**REQUIRED WORK**
Every line in the listing below that holds the word "Blue" should be returned.

**EXCERPTED DATA**
_ _ _ _
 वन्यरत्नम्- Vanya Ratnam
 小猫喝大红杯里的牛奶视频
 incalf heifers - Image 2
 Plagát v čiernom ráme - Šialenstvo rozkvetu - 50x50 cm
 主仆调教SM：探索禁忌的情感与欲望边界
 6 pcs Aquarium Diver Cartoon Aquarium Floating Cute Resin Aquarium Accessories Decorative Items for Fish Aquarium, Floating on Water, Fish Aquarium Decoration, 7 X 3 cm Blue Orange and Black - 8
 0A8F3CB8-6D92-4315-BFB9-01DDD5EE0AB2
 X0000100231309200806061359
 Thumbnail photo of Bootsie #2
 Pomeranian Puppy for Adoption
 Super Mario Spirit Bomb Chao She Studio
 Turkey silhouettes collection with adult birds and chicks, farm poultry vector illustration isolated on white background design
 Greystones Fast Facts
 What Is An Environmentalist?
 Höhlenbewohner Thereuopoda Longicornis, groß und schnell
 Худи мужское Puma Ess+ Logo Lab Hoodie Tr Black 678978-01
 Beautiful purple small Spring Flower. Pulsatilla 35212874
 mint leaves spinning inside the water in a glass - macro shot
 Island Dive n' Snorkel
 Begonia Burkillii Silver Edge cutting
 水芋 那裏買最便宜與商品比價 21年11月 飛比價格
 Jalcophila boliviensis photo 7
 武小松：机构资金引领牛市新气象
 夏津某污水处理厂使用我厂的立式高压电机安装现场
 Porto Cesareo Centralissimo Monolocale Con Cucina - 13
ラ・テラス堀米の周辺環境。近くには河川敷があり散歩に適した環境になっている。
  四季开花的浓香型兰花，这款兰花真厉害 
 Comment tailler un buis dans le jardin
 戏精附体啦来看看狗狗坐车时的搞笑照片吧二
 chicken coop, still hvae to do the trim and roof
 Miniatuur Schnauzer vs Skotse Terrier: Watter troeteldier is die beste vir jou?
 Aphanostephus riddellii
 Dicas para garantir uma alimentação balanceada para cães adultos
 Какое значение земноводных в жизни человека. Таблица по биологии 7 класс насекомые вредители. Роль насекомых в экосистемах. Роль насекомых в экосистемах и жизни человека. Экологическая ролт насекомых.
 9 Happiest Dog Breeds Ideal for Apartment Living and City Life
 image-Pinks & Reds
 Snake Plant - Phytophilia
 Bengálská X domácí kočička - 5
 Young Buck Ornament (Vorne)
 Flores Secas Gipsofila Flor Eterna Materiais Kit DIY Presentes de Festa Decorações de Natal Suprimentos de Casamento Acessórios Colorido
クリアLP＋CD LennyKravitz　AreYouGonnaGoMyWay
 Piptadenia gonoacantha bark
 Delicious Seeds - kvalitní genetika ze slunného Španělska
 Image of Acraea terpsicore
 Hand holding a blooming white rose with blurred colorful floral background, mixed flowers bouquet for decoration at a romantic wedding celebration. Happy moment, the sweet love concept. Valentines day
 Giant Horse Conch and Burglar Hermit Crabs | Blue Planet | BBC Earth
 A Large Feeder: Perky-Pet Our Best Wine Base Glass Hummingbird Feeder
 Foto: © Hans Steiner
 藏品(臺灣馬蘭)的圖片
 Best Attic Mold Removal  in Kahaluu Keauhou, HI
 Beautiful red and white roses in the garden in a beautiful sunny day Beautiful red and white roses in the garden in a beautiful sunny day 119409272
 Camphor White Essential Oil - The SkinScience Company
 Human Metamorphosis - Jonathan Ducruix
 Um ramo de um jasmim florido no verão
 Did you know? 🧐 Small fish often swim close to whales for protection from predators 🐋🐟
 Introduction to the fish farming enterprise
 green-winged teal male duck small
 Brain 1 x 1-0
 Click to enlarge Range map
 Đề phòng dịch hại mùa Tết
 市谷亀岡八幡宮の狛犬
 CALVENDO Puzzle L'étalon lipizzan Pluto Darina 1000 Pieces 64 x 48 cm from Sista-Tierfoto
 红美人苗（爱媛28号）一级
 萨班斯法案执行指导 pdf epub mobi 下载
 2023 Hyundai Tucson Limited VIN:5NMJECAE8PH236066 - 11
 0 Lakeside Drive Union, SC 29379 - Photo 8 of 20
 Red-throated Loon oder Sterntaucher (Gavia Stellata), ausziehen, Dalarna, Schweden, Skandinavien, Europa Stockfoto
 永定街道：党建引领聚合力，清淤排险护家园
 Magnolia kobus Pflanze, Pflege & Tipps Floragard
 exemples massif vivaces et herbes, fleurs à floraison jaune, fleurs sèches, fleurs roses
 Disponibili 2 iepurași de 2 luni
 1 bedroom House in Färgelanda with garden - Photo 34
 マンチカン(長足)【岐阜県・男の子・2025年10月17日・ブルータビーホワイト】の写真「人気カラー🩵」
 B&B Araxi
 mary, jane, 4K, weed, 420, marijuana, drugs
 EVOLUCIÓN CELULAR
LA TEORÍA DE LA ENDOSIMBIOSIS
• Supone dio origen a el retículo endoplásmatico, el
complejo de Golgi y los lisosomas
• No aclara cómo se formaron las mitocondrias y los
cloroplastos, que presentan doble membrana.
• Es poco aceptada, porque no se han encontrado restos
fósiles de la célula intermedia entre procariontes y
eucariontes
_ _ _ _
**RESULT OF THE EXERCISE**
 6 pcs Aquarium Diver Cartoon Aquarium Floating Cute Resin Aquarium Accessories Decorative Items for Fish Aquarium, Floating on Water, Fish Aquarium Decoration, 7 X 3 cm Blue Orange and Black - 8
 Giant Horse Conch and Burglar Hermit Crabs | Blue Planet | BBC Earth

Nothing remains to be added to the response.